In Brief: Banning CRT Isn’t Going to Stop It
Declining to publicly fund certain speech is not censorship, but it’s also not enough.
Yes, Critical Race Theory is taught in schools, despite Leftmedia and Democrat attempts to deny reality. Joy Pullmann, political analyst and mother of six says it’s time to fight back, including against those who object to banning CRT in schools.
On the latest “The Fifth Column” episode, cohost Kmele Foster reiterates his argument, previously expressed in a coauthored New York Times op-ed, that banning critical race theory in schools is bad. While discussing to what extent public opposition to this form of racism fueled Republican success in [Virginia’s] elections, Foster again claimed “there is zero evidence that this particular strategy [of banning CRT in schools] is working.”
Foster’s argument boils down to confusion over curriculum that could expand into other topics, along with warnings about slippery slopes leading to book bans and so forth. Pullmann isn’t buying it:
[Lawmakers] may refuse to expend public resources on certain books, but that is not banning them. Actual book bans, actual censorship, would mean what happens with successful full-bore cancel operations from the left: The person with the book is unable to publicly publish or distribute it, even on his own time and dime.
It’s a bit like what Twitter and Facebook do to presidents and members of Congress, which libertarians and classical liberals (like Foster claims to be) are always telling us is totally fine because Facebook and Twitter are private companies and they should not be forced to publish and distribute speech they don’t agree with.
Well, fine, then, let’s spread this libertarian goose sauce around equally. If Twitter shouldn’t be forced to platform Donald Trump and Republican Rep. Jim Banks, the good taxpayers of Texas also shouldn’t be forced to pay for, distribute, and platform speech they don’t agree with through the government institutions they are supposed to democratically control.
Where she agrees with Foster and others is when they say banning CRT won’t win the culture war once and for all.
Setting aside the absurd reductionism — I know of nobody who thinks CRT, yet alone all the culture wars, will be instantly solved by a state ban — Foster is right that CRT bans are not enough. One proof is in those very teachers who are resisting the will of the voters who fund their salaries and supply children to their classrooms.

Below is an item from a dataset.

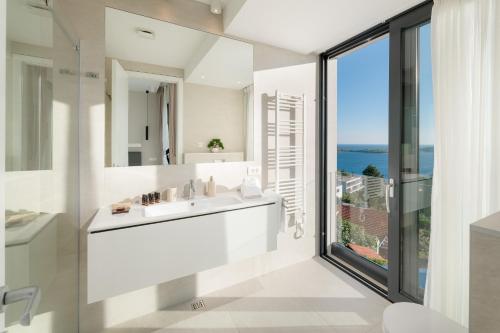a white bathroom with a sink and a large window at Villa Anabel in Hvar
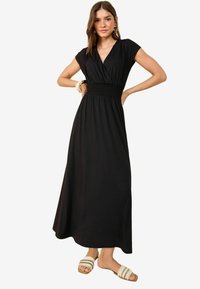 Rochie maxi neagră cu decolteu în V, mâneci scurte și talie elastică. Material neted cu un design fluid. Asortată cu sandale cu curea.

Critical race theory’s hold on the U.S. education and corporate systems is the poisonous fruit of a poisoned tree. To root it out will require a lot more than state and local bans. It requires of the right exactly what the far-left is doing: Systemic thinking. …
It means making a comprehensive, holistic assessment of how so much of American local, regional, state, and even national leaders participate in and even condone open, government-supported racism.
She concludes:
The very existence and widespread use of CRT is an indictment on the entire system. As such, it requires not merely a one-off response like a ban. It demands a comprehensive evaluation of the entire education system and a total reorientation of its priorities and methods. …
If it is law, it can be changed. And it should be, because racism is evil. So, yes, ban teachers from preaching racism on the taxpayers’ dime. But don’t stop there, because government-sponsored racism doesn’t stop there, either. Not even close.